Transcribe the records below. Leave every word as it is.

(Crawled caption data)
....................

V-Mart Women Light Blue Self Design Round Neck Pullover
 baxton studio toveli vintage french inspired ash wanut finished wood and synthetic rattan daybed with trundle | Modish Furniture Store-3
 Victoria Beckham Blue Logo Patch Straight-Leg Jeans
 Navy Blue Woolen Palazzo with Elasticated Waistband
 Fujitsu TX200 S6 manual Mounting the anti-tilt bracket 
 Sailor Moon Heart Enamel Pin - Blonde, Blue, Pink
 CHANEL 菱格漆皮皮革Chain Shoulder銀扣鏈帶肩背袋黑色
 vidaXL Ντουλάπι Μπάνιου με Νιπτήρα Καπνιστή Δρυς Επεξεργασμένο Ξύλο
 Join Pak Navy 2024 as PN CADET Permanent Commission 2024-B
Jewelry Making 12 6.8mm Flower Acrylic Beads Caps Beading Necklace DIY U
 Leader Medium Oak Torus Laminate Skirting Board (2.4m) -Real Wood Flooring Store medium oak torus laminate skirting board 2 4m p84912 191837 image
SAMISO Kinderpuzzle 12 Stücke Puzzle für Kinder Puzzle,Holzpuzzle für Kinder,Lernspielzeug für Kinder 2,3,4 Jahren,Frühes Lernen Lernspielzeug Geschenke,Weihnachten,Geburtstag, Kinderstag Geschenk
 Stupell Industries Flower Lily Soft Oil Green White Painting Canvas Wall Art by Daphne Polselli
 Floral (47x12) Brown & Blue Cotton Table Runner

....................

=== SOLUTION FOR THIS TASK ===
V-Mart Women Light Blue Self Design Round Neck Pullover
 baxton studio toveli vintage french inspired ash wanut finished wood and synthetic rattan daybed with trundle | Modish Furniture Store-3
 Victoria Beckham Blue Logo Patch Straight-Leg Jeans
 Navy Blue Woolen Palazzo with Elasticated Waistband
 Fujitsu TX200 S6 manual Mounting the anti-tilt bracket 
 Sailor Moon Heart Enamel Pin - Blonde, Blue, Pink
 CHANEL 菱格漆皮皮革Chain Shoulder銀扣鏈帶肩背袋黑色
 vidaXL Ντουλάπι Μπάνιου με Νιπτήρα Καπνιστή Δρυς Επεξεργασμένο Ξύλο
 Join Pak Navy 2024 as PN CADET Permanent Commission 2024-B
Jewelry Making 12 6.8mm Flower Acrylic Beads Caps Beading Necklace DIY U
 Leader Medium Oak Torus Laminate Skirting Board (2.4m) -Real Wood Flooring Store medium oak torus laminate skirting board 2 4m p84912 191837 image
SAMISO Kinderpuzzle 12 Stücke Puzzle für Kinder Puzzle,Holzpuzzle für Kinder,Lernspielzeug für Kinder 2,3,4 Jahren,Frühes Lernen Lernspielzeug Geschenke,Weihnachten,Geburtstag, Kinderstag Geschenk
 Stupell Industries Flower Lily Soft Oil Green White Painting Canvas Wall Art by Daphne Polselli
 Floral (47x12) Brown & Blue Cotton Table Runner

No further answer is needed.